Are you left handed, right handed, or in between?


  • Total voters
    58
Thankfully in the country I happen to live, we drive on the left and so have the steering wheel on the right, which means the gear-stick requires the use of one's left hand. I'm actually "mixed handedness, dominant right" according to the above classifications, and there are some things I can't imagine doing with my right (like changing gears - it would be a nightmare).
 
I am definitely (naturally) a righty, but I often use tools more comfortably in my left. Wrenches, screw drivers, my phone, etc. I qlso will use a mouse in my left hand while writing in a notebook with my right. I almost always use a laptop track pad with my left.

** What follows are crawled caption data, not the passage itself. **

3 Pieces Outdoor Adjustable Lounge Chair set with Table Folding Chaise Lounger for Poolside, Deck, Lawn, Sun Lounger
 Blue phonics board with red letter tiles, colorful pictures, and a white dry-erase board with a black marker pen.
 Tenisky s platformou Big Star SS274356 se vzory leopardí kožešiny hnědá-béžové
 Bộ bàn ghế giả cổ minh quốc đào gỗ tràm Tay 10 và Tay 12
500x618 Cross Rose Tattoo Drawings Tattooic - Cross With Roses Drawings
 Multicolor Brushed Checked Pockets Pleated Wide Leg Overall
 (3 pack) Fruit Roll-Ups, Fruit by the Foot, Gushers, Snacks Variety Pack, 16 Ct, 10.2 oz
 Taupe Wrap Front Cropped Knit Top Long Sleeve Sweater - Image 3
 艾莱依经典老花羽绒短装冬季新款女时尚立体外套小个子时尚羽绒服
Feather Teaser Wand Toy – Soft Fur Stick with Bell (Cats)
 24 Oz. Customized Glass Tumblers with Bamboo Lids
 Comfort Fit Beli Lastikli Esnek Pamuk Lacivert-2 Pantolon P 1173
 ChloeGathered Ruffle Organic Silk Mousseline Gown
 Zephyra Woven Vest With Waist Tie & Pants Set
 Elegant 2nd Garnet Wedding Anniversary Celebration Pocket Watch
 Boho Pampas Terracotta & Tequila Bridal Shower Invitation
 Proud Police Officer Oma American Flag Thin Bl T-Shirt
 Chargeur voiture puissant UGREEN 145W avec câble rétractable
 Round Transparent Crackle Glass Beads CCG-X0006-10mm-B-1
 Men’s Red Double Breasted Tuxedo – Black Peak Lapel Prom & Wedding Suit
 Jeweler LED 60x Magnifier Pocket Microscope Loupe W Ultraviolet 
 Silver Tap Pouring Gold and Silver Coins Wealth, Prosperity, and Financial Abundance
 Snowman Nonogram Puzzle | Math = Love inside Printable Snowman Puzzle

... So one thing I've wondered about left and right handedness is: they say the right hand relates strongest to the left brain and left hand most strongly to the right brain, so when we do things with our right hand does that mean we are increasing our left brain competency and strengthening that part of the brain, and vice versa, when doing things with our left hand do we strengthen our right brain functions??
Since I'm becoming better at writing with my right hand, does that mean I might be increasing my left brain functions, and if I become better doing other things with left hand, with my right brain functions become stronger??
Because I still don't know if I am more "left brained or right brained".
They say that the left brain is strong in language (which I am) but also in "exact mathematical calculations", which I'm VERY bad at, so that's odd...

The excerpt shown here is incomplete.